> [REQUIRED ACTION]
A word-for-word copy of the listing is what's needed; leave out every image.
>>>>
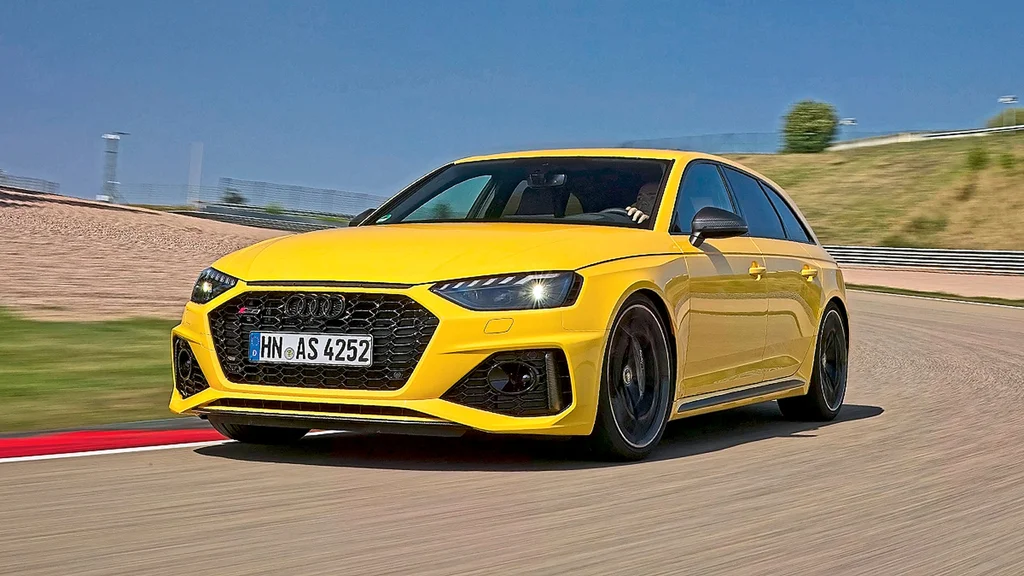 Audi RS4 Edition 25 Years – Parhaat Ominaisuudet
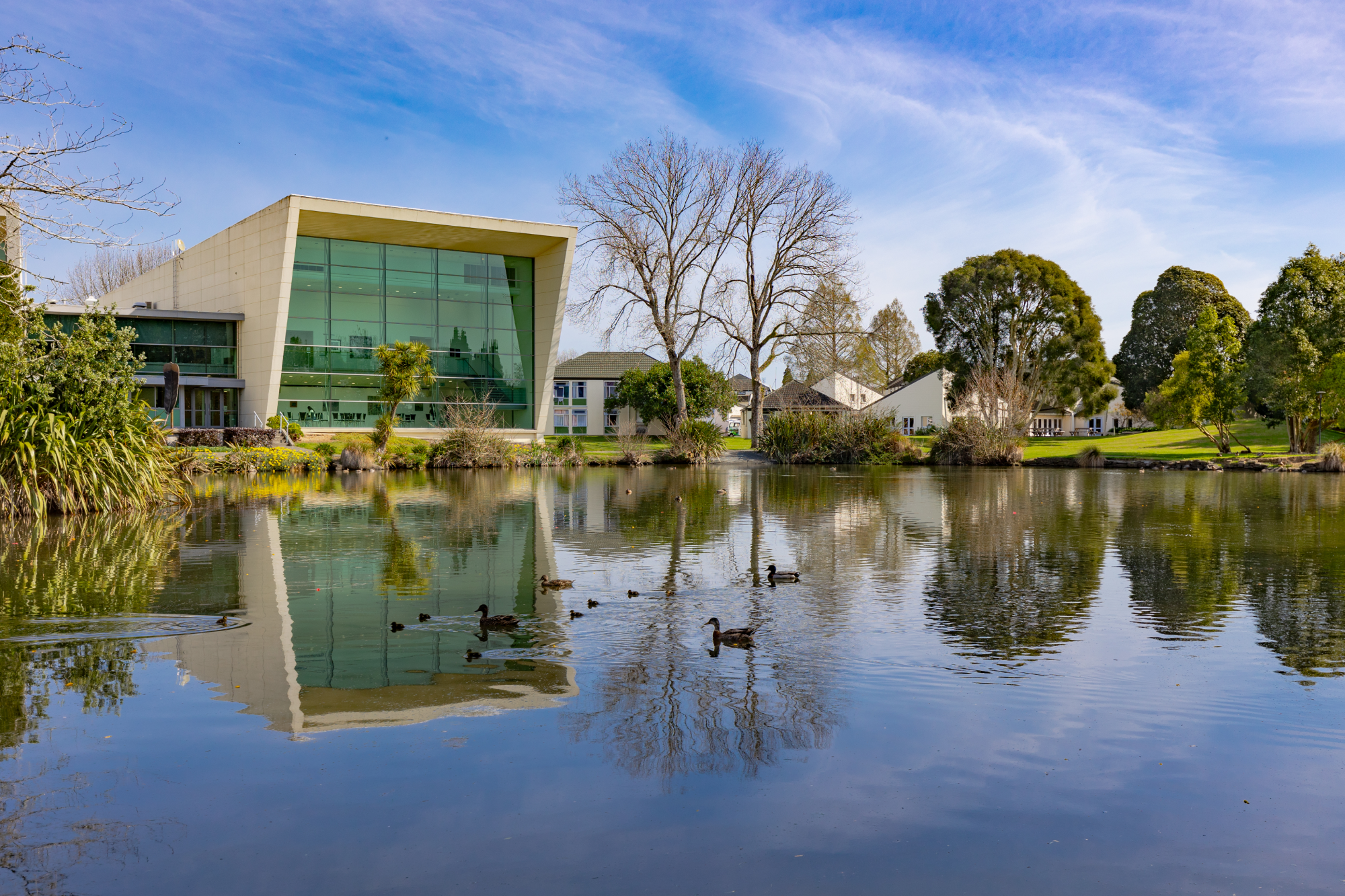 The University of Waikato (ワイカト大学) の外観4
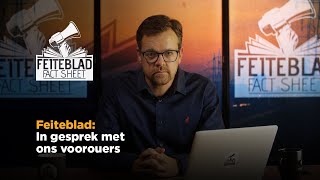 Feiteblad: In gesprek met ons voorouers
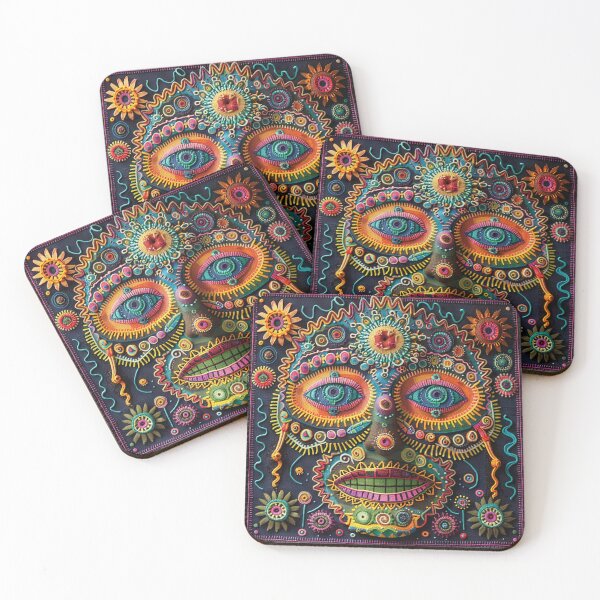 Item preview, Huichol Art designed and sold by Myra365Art.
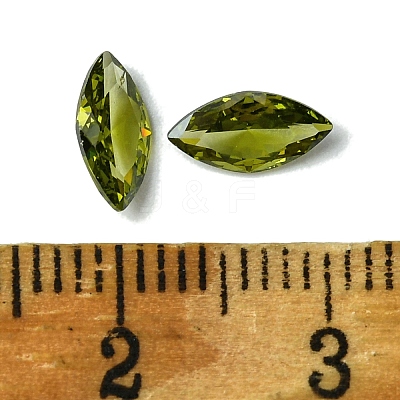 Cubic Zirconia Cabochons ZIRC-P116-02B-09-1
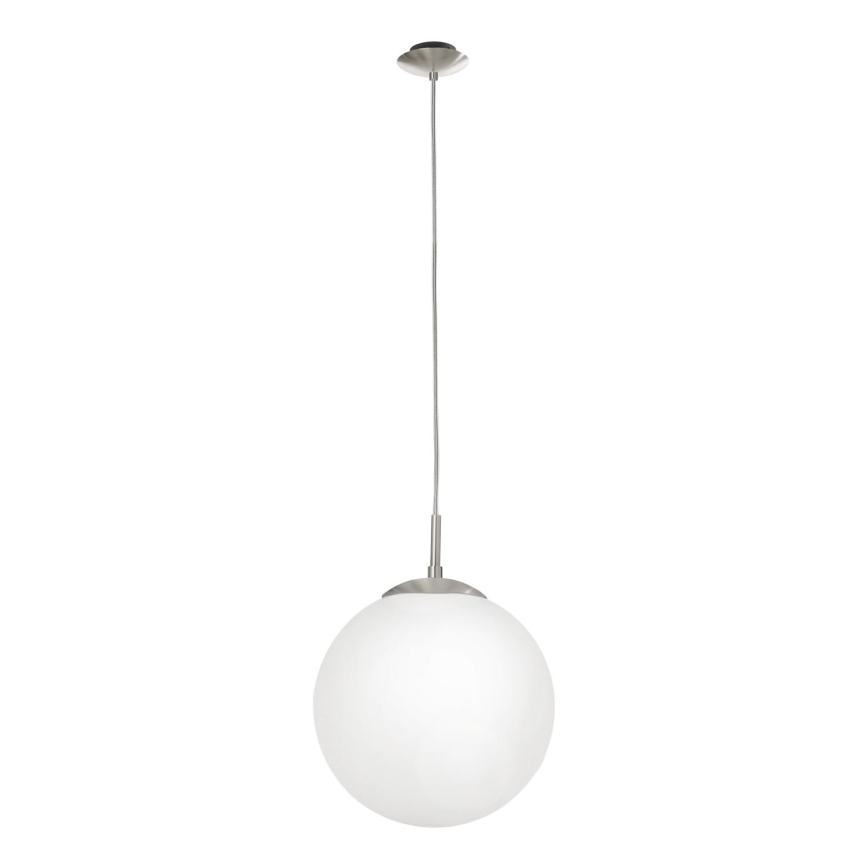 EGLO - Hanglamp aan koord 1xE27/60W wit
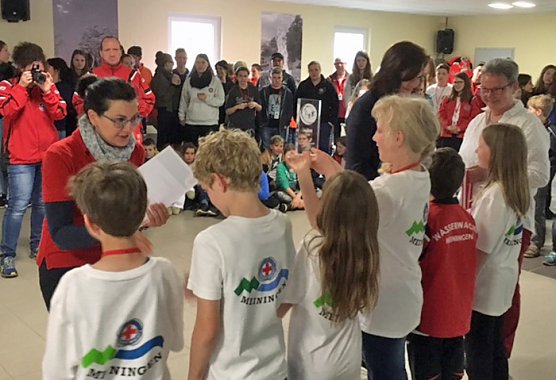 23. Landeswettbewerb im Rettungsschwimmen (Foto: DRK) 23. Landeswettbewerb im Rettungsschwimmen (Foto: DRK)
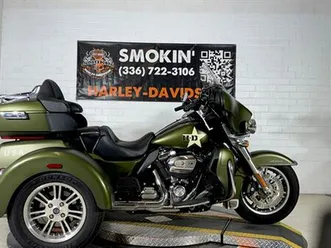 2022 harley-davidson tri glide ultra (g.i. enthusiast collection)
<<<<
> [TASK OUTPUT]
 Audi RS4 Edition 25 Years – Parhaat Ominaisuudet
 The University of Waikato (ワイカト大学) の外観4
 Feiteblad: In gesprek met ons voorouers
 Item preview, Huichol Art designed and sold by Myra365Art.
 Cubic Zirconia Cabochons ZIRC-P116-02B-09-1
 EGLO - Hanglamp aan koord 1xE27/60W wit
 23. Landeswettbewerb im Rettungsschwimmen (Foto: DRK) 23. Landeswettbewerb im Rettungsschwimmen (Foto: DRK)
 2022 harley-davidson tri glide ultra (g.i. enthusiast collection)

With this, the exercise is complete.